I'm a student who just started abstract algebra.

There is an easy question for you.

Let $X_1 \le Y$ which means $X_1$ is a subobject(subring or subgroup) of $Y$

Also let $X_2$ bes a (normal or ideal) of $Y$

According to the (group or ring) $2nd$ isomorphism theorem, We can easily pull out the conclusion that $X_1 \cap X_2$ is an ideal of or normal in $X_1$.

But Question is

If the sets $X_1$ and $X_2$ are not contained in each other

(I.E. There aren't case that $X_1 \subset X_2$ or $X_2 \subset X_1$)

And not disjoint from each other then...

$(1)$ Considering group case, is $X_1 \cap X_2$ a normal subgroup of $X_2$?

Considering ring case, is $X_1 \cap X_2$ an ideal of $X_2$?


Considering group case, ie $X_1 \cap X_2$ is a normal subgroup of $Y$?

Considering ring case, Does $X_1 \cap X_2$ is a ideal of the $Y$?

Whenever I try proving n (1) and (2), they look like true.

But I don't have confidence that both of them bre true.

Any help would be appreciated.

Thank you.

Thanks to the @bungo, I add more conditions

  • $\begingroup$ Does $\leq$ symbol here, means an Ideal or Normal subgroup? Also, Please clearly state whether you want the answer from the perspective of group theory or ring theory. Also, It's not clear that you are using the Third isomorphism for rings or groups or modules or field or General. $\endgroup$ – Kumar Jul 16 at 6:16
  • 4
    $\begingroup$ Not in general. Suppose $Y$ is a group and $X_2 \lhd Y$ is a normal subgroup that contains some subgroup $X_1$ that is not normal in $X_2$. Then $X_1 \cap X_2 = X_1$ is of course normal in itself but is not normal in $X_2$, so certainly not normal in $Y$. For a concrete example, take $Y = S_4$, $X_2 = A_4$, and $X_1 = \{1, (12)(34)\}$. $\endgroup$ – Bungo Jul 16 at 6:17
  • $\begingroup$ @Kumar, I edited my question. $\endgroup$ – se-hyuck yang Jul 16 at 7:25

The answer to each question is "no".

Consider $G$ to be any group/ring and $H$ to be a non-normal subgroup/non-ideal subring.
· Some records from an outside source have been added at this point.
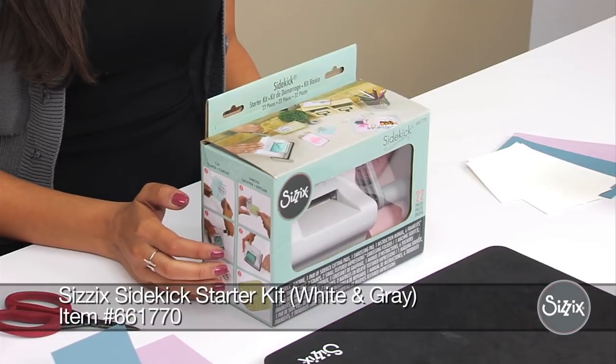Hi, I'm Nishita from Sizzix. I'm the product manager here, and I wanted to show you today the Sizzix Sidekick Starter Kit.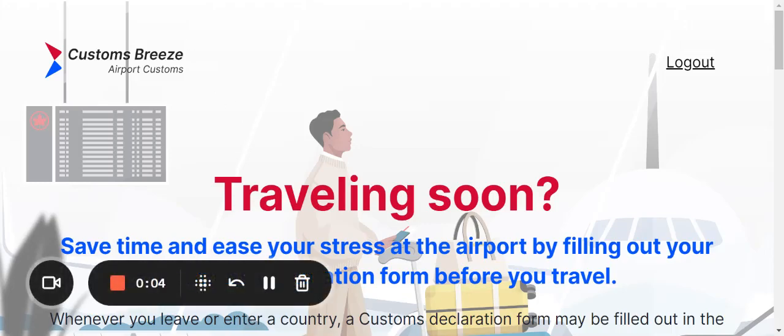Hi everyone, welcome back to Custom Breeze, where filling out your customs form is easy breezy and can be done in the comfort of your own home. Today we're going to focus on Japan's customs declaration of accompanied articles and unaccompanied articles form.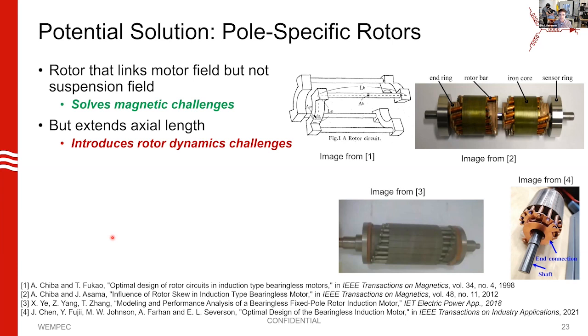That's what we're referring to as a pole-specific rotor: it's pole-specific because it pays attention to the motor poles and does not pay attention to the suspension field. There have been attempts at this — they usually consist of a squirrel cage rotor composed of many different rotor cages that are electrically isolated from each other. Each rotor cage has bar spacing so that it doesn't link the suspension field, with end rings on the axial ends to link the individual cages together but not to each other.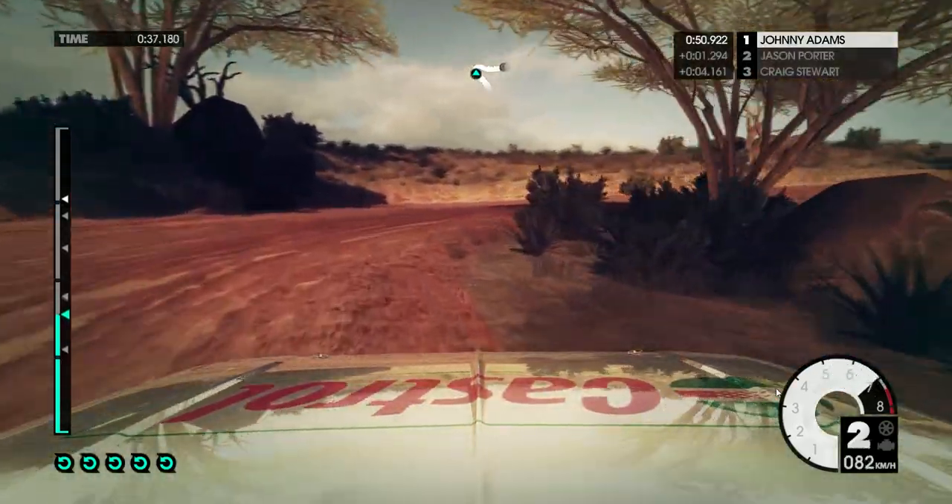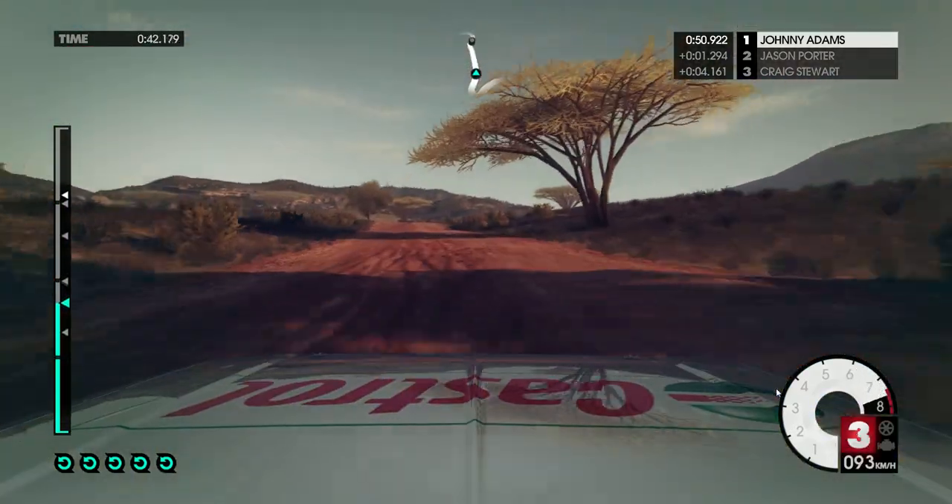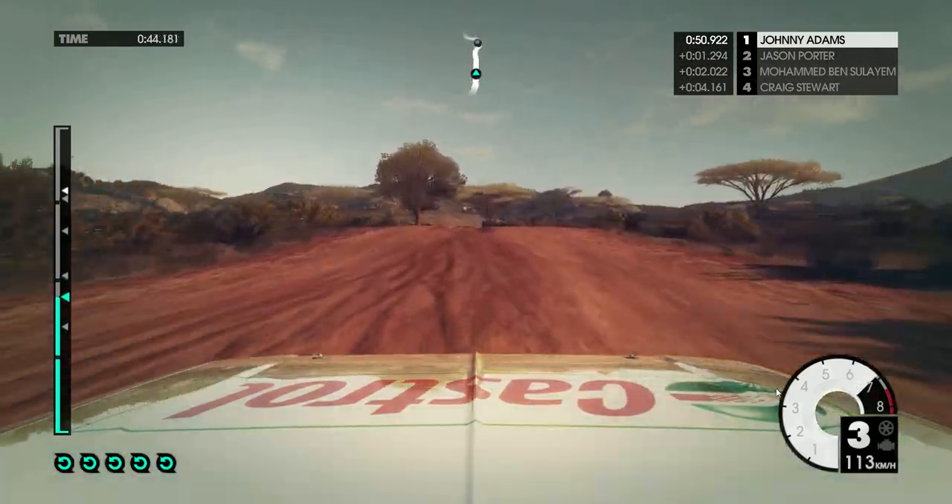Into left 6, 60, keep left over crest, right 6 into left 3, tightens.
I could say take $X_1=H$ and $X_2=G$ and be done but you additionally want to have that they are not contained in each other. We do that by extending $G$: you take another nontrivial group/ring $G'$ and consider $G'\times G$. Now you take $X_1=G'\times H$ and $X_2=\{0\}\times G$ (I denote the neutral element by "$0$" here to be consistent between groups and rings, but in the case of groups I don't assume that $G'$ is abelian, it is arbitrary). Note that $X_2$ is normal/ideal in $G'\times G$. The intersection $X_1\cap X_2$ is still "the same" as in the non-extended case but they are not contained in each other this time.
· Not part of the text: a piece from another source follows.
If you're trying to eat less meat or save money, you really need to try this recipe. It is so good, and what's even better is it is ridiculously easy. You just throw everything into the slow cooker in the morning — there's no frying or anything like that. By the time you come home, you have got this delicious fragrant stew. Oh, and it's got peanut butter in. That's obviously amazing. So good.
Now since $X_1\cap X_2$ is not normal/not ideal in $X_2$ then it cannot be in any superobject containing $X_2$.

Side note: "And not disjoint from each other" algebraic subobjects are never disjoint (each of them contains the neutral element). Did you mean nontrivial intersection? You don't need to assume that because the trivial subobject is always normal/ideal in anything.

Side note 2: in the case of unital rings there are subtleties because typically a subring is assumed to contain the multiplicative identity. And thus a proper ideal is never a subring. So we need a more general definition of a subring for that to even make sense. And I'm not sure if everything works correctly with this approach (it probably does).